Mumford & Sons continue the longstanding tradition of British invasion with pop music created by a fabulous foursome from across the pond, yet Marcus Mumford and his namesake band also bring something fresh to the turntable. Their Grammy-nominated record Sigh No More and the follow-up Babel — which rose to #1 on several charts — showcase the band’s rowdy talent and literary intelligence, relentless instrumentals that reel and spin, not to mention the charmingly crisp British accent.
Marcus Mumford favors dress shirts and suit vests and looks as if he’d be equally at home in the 19th century as a busker. He and his blokes pour themselves into their instruments and their harmonious vocals, no holding back. But their inspired and inspiring lyrics also help their songs stand out. Biblical and literary influences lend depth to M&S songs with some bookish lyrics that allude to fellow British writers William Shakespeare and G.K. Chesterton.

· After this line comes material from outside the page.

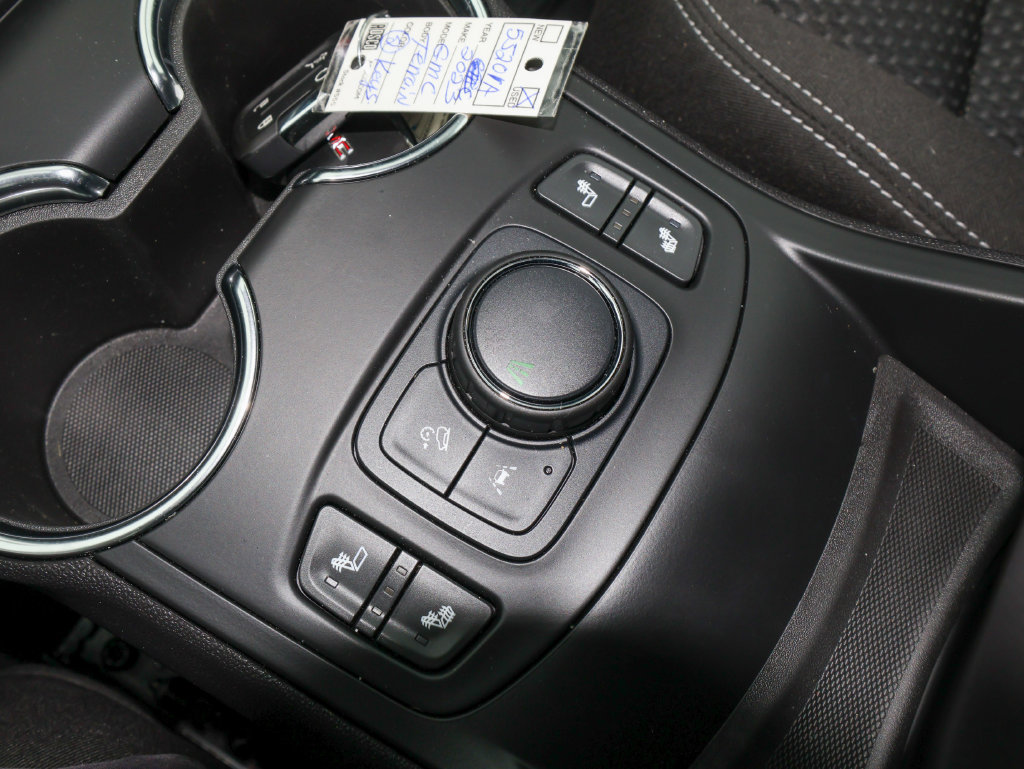 Used 2023 GMC Terrain SLE w/ Driver Convenience Package FWD image 20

Their music snugs up against traditional pub music, but step up the pace: Mumford & Sons’ kinetic songs brazenly push the envelope on how fast a human can strum strings.
10) “The Cave”
This rousing song rose to #27 on Billboard’s Hot 100 in 2011. Mumford & Sons know how to build a song. “The Cave” starts with a merry melody, a song that begins slowly an innocently, but accelerates toward an outrageous pace as the banjo player burns up the strings. “The Cave” is a song of enlightenment: “I will hold on hope . . . I’ll find strength in pain,” Mumford sings in his raspy voice.
9) “Lover’s Eyes”
An austere and heartbreaking song, “Tame the ghosts in my head that run wild and wish me dead, should you shake my ash to the wind, Lord forgive all of my sins.”
8) “Winter Winds”
This bouncy song opens with a sound evocative of a New Orleans street parade, plus banjo. It’s a song set on their home turf: “As the winter winds litter London with lonely hearts . . .” This is a reluctant love song with literary lyrics typical of Mumford & Sons: “Your beauty trumped my doubt.”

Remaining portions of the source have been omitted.